~ the raven chronicles ~ 9

10 May

(Chapters are stored chronologically in ARCHIVES.)

Dr. Sylvester Agnostica, MD.
Sterns-Carson Sanitarium
Green Pines, Ohio

November 18, 1932

I am sitting at the dining room table in my home, surrounded by darkness; dawn has yet to break outside the windows. My daybook lays open in front of me, and I am writing by the light of a single lamp that I carried over to the table in order to create a makeshift desk. I removed my daybook from my office and brought it home yesterday evening, for the first time ever; I have decided to travel with it close by from here forward; events are happening too fast, if I don’t write them down immediately, they will slip by, and I may miss a piece of the puzzle that has become my life.

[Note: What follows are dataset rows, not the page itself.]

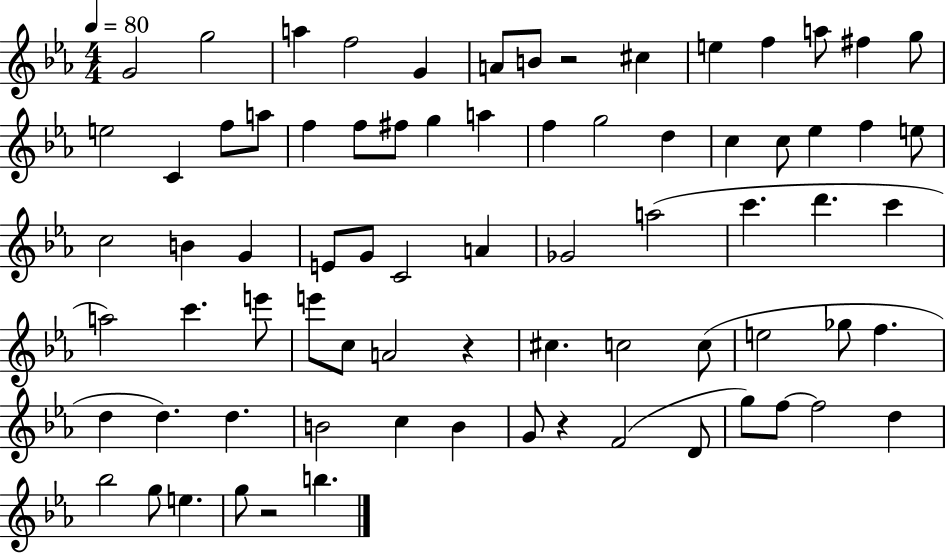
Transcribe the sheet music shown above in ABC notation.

X:1
T:Untitled
M:4/4
L:1/4
K:Eb
G2 g2 a f2 G A/2 B/2 z2 ^c e f a/2 ^f g/2 e2 C f/2 a/2 f f/2 ^f/2 g a f g2 d c c/2 _e f e/2 c2 B G E/2 G/2 C2 A _G2 a2 c' d' c' a2 c' e'/2 e'/2 c/2 A2 z ^c c2 c/2 e2 _g/2 f d d d B2 c B G/2 z F2 D/2 g/2 f/2 f2 d _b2 g/2 e g/2 z2 b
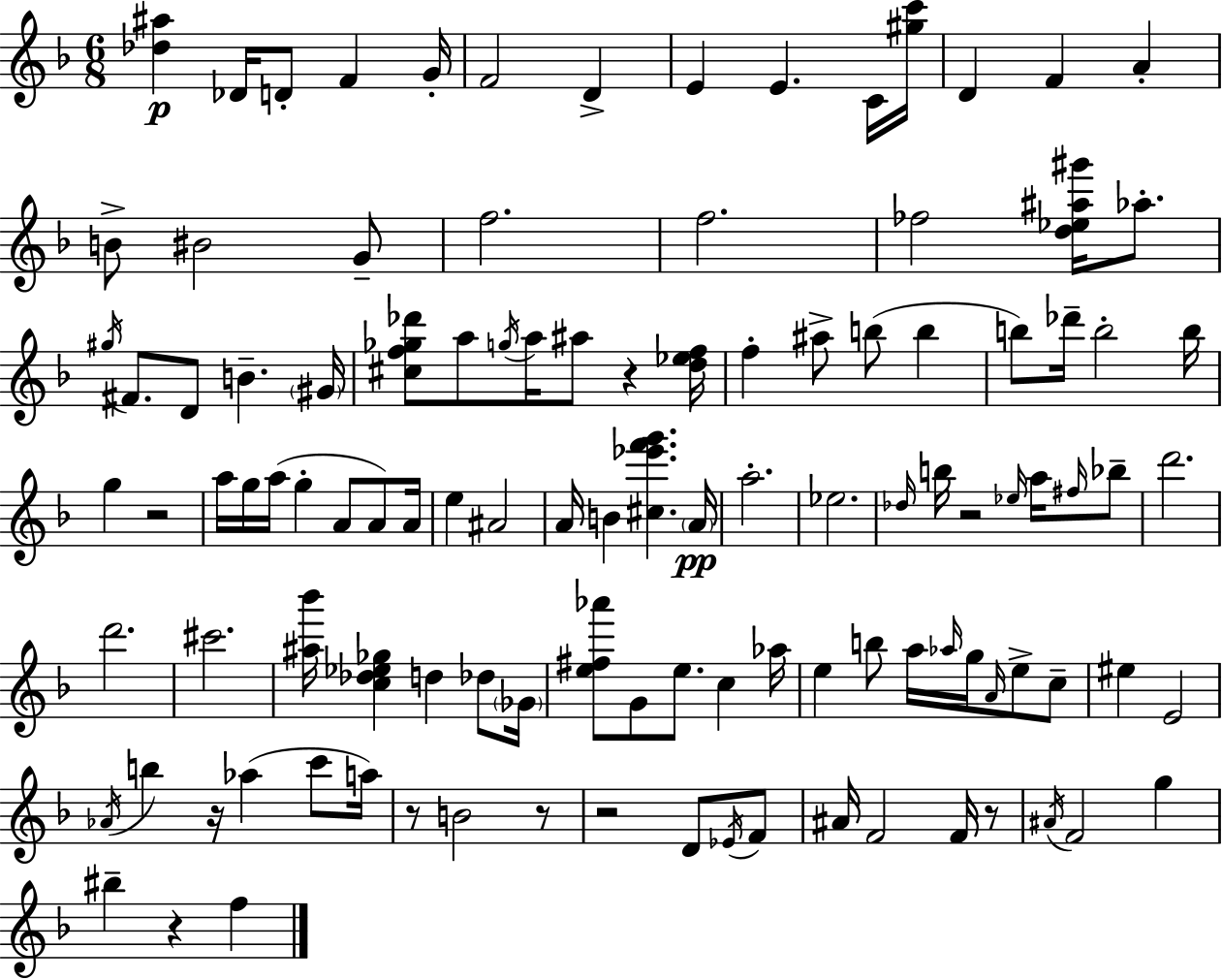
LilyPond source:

{
  \clef treble
  \numericTimeSignature
  \time 6/8
  \key f \major
  <des'' ais''>4\p des'16 d'8-. f'4 g'16-. | f'2 d'4-> | e'4 e'4. c'16 <gis'' c'''>16 | d'4 f'4 a'4-. | \break b'8-> bis'2 g'8-- | f''2. | f''2. | fes''2 <d'' ees'' ais'' gis'''>16 aes''8.-. | \break \acciaccatura { gis''16 } fis'8. d'8 b'4.-- | \parenthesize gis'16 <cis'' f'' ges'' des'''>8 a''8 \acciaccatura { g''16 } a''16 ais''8 r4 | <d'' ees'' f''>16 f''4-. ais''8-> b''8( b''4 | b''8) des'''16-- b''2-. | \break b''16 g''4 r2 | a''16 g''16 a''16( g''4-. a'8 a'8) | a'16 e''4 ais'2 | a'16 b'4 <cis'' ees''' f''' g'''>4. | \break \parenthesize a'16\pp a''2.-. | ees''2. | \grace { des''16 } b''16 r2 | \grace { ees''16 } a''16 \grace { fis''16 } bes''8-- d'''2. | \break d'''2. | cis'''2. | <ais'' bes'''>16 <c'' des'' ees'' ges''>4 d''4 | des''8 \parenthesize ges'16 <e'' fis'' aes'''>8 g'8 e''8. | \break c''4 aes''16 e''4 b''8 a''16 | \grace { aes''16 } g''16 \grace { a'16 } e''8-> c''8-- eis''4 e'2 | \acciaccatura { aes'16 } b''4 | r16 aes''4( c'''8 a''16) r8 b'2 | \break r8 r2 | d'8 \acciaccatura { ees'16 } f'8 ais'16 f'2 | f'16 r8 \acciaccatura { ais'16 } f'2 | g''4 bis''4-- | \break r4 f''4 \bar "|."
}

inside on a winter dayIf someone were to approach me and describe yesterday’s events, I would deem the narrator to be deluded, maybe dangerously so. As a matter of fact, I would summon Jenkins and have that person strapped in a jacket and locked in a cell. Perhaps that is where I belong; perhaps my years of proximity to the insane has infected my mind and body and soul; it would not be the first time that a physician was repaid for his good work by perishing from the disease carried by the patients he was treating. I will leave the final diagnosis to someone else, perhaps to a stranger who reads this volume after all is said and done regarding the affair of Mrs. Sinclair.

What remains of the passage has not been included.